Perhaps the most striking feature of our data is that the BPI locus was found to be associated with the AFO phenotype in 2 independent populations of patient and donor pairs, yet the tagSNP haplotypes found significant in the discovery cohort are similar but not identical to the significant tagSNP haplotypes found in the validation cohort. However, this is not unusual for several reasons. First, the haplotype differences suggest that the functional mutation or mutations is not represented by one of the tagSNPs and that these mutations may be in varying degrees of linkage disequilibrium with the significant haplotypes we found. Second, recent studies have demonstrated that in some genes there are many rare mutations that affect gene function and that these rare mutations, when considered as a group, represent a measurable phenotype in the population as a whole.^81,82  Perhaps the best example of this is the cystic fibrosis transmembrane conductance regulator (CFTR) gene. More than 1000 mutations, most of which are very rare, have been identified on this gene and determined to cause cystic fibrosis.⁸³  In CFTR haplotype analyses, it is clear that the number of mutations found in association with particular haplotypes is related to its frequency among the population, reflecting the different degrees of linkage disequilibrium between the causal mutation and the many possible haplotypes.⁸⁴  When considered in light of our BPI data, although we have identified a locus of potential importance in this disease process, future sequencing analysis of the entire BPI gene, along with the flanking regions that may contain regulatory sites, is warranted to fully characterize the genetic variation in our diseased population and identify all of the potential functional mutations.

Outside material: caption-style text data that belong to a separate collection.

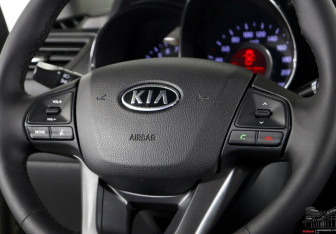 Подержанный автомобиль Kia Rio Sedan 2012 года (11 фото)
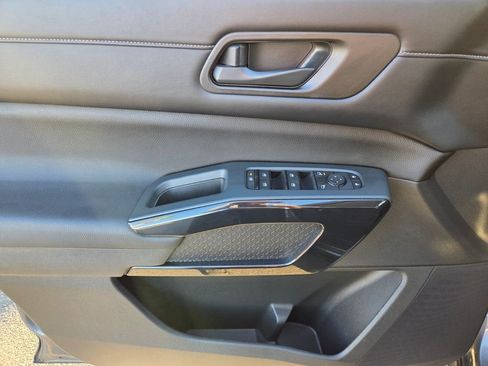 Used 2023 Nissan Pathfinder SV FWD image 23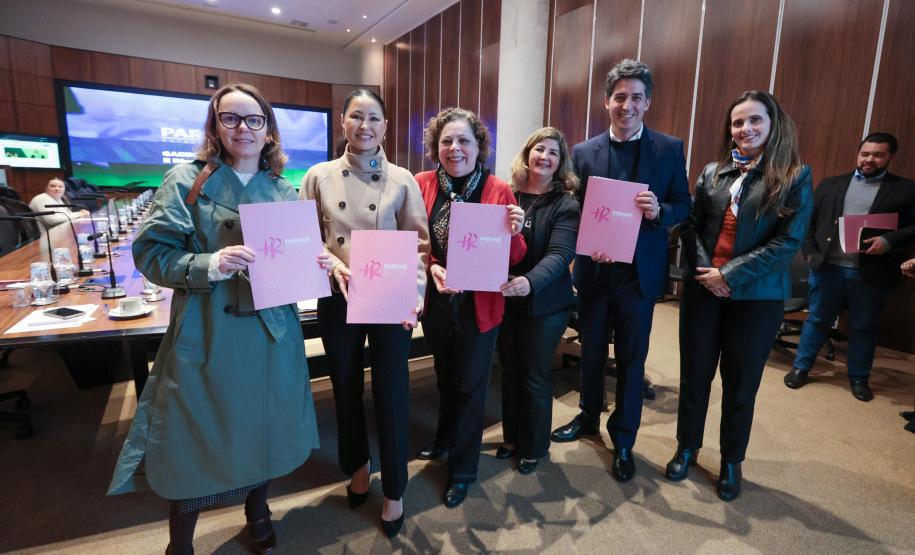 Luciana Massa se reúne com 370 primeiras-damas municipais para planejar Paraná Rosa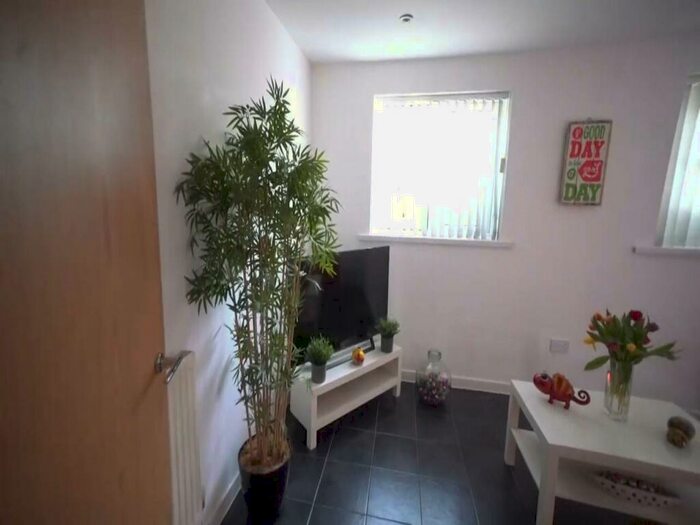 4 Bedroom House To Rent In Richmond Apartments Bed, Cardiff, CF24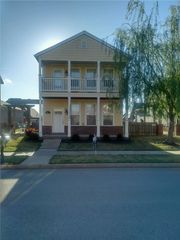 637 N Longfellow Lane, Fayetteville, AR 72704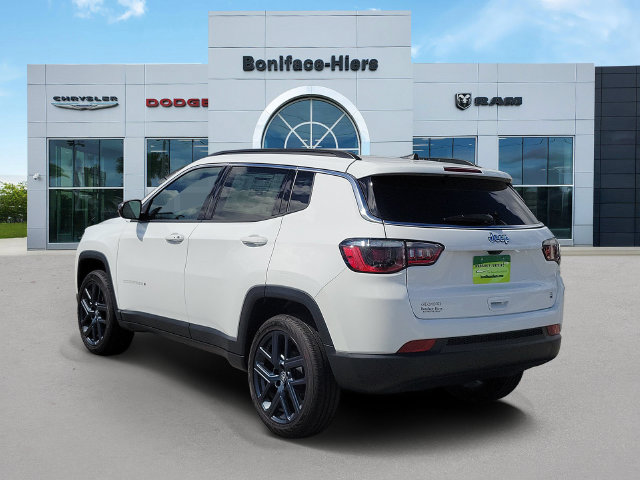 New 2026 Jeep Compass Latitude AWD/4WD image 4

The results of this study have intriguing therapeutic implications. Based upon the biology of BPI, a loss-of-function BPI mutation is likely the culprit responsible for our findings. If this is true, therapeutic options may be already available. BPI expression by epithelial cells can be enhanced by endogenous aspirin-triggered lipoxins, dampening endotoxin-mediated signaling in epithelia and enhancing killing of Gram-negative bacteria.³⁶  A recombinant form of BPI is also available.⁸⁵  Reformulation of this product for direct delivery to airways of BPI-deficient individuals may reduce their risk of developing HCT-related airway disease. Ultimately, if these findings are reproducible in nontransplantation populations, this represents an opportunity for the development of novel therapeutic options to treat other more common obstructive airway diseases such as asthma and chronic obstructive pulmonary disease.